India’s Leap: Infrastructure and Role Models Still the Key
When Lewis talks about India, his tone softens. He knows potential when he sees it. “India has enough talent to be a power in sports,” he said thoughtfully. “What’s missing is the infrastructure. Once the infrastructure and the role models are there, people will want to emulate that success.”
He understands that for many Indian athletes, sport is a path to stability before it’s a path to glory. “It’s different here,” he acknowledged. “Sports gives job security. But to go to the next level, you have to chase excellence, not just employment.”
Lewis believes it all begins with examples – athletes who make it big and show the next generation that global success is possible. “When you see it’s possible,” he said, “you start believing it’s possible for you.”
India, according to him, doesn’t lack talent – it lacks visible, supported pathways to turn talent into champions.
The Culture of Fame and Fake Success
Lewis’s tone turns serious again when the conversation shifts to fame. The legend who once ruled the biggest stage in sports has little patience for the modern obsession with instant recognition.
“We allow fake things to be important,” he said. “The problem isn’t sport – it’s culture. People care more about being famous than being good.”
He calls the idea of the “Enhanced Games”, where athletes could use performance-enhancing drugs openly, a symptom of a society that values entertainment over ethics. “What company would align with that?” he asked. “Who do you sell to, families and kids?”
For Lewis, the danger isn’t just in sport but in the mindset creeping into everyday life – the belief that success, like content, can be manufactured. “We live in a world,” he said quietly, “where being famous is enough – even if you didn’t earn it.”
Talent, Genes, and the Power of Effort
Ask Carl Lewis whether champions are born or made, and he answers with the calm of a man who’s seen both. “Some people are genetically gifted – that’s just life,” he said. “But it doesn’t really matter. Everyone has something special. What counts is how hard you work on it.”
In his prime, Lewis wasn’t just fast; he was relentless. Behind every world record were hours of repetition, analysis, and small corrections. “Talent opens the door,” he said, “but only hard work keeps it open.”
For India’s rising athletes, who are often told they don’t have the right body type or background, it’s a message that hits home – excellence isn’t inherited, it’s earned.
Sacrifice Over Instant Gratification: His Message to the Next Generation
Before the interaction ended, Lewis left the room with a message that every young athlete could hold onto.
“If life was easy, everybody would be good at it,” he said. “You’ll have to sacrifice a lot to be who you want to be.”
He recalled his decision to attend the University of Houston in the late ’70s, when it wasn’t a famous program. “Everyone asked, why go there?” he said. “Because I knew what I wanted.
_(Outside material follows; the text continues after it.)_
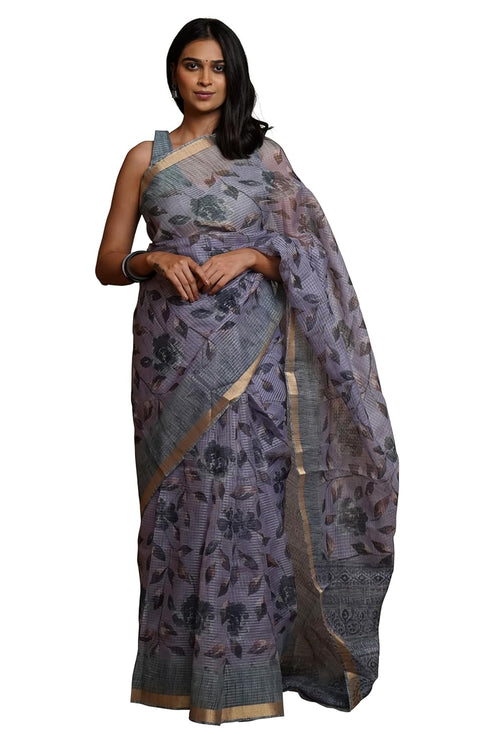 Vasthrlay Fashion Polyester Printed White Ethnic Wear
I wasn’t afraid to change.”
He explained how the real test of character is sticking with the process, even when it feels like a mistake. “Get away from the prize,” he said. “Ask yourself – what is your ultimate goal?”
In an age of instant results and viral fame, Lewis’s voice carried the steady patience of a man who has seen every shortcut and knows none of them lead to greatness.
Still Running for What Matters
Carl Lewis may have stopped sprinting, but he’s still running – against time, against complacency, and against the erosion of values that once made sport sacred.
He talks about testing, science, and infrastructure, but what he’s really talking about is character. For him, greatness isn’t just about speed – it’s about staying true when no one’s watching.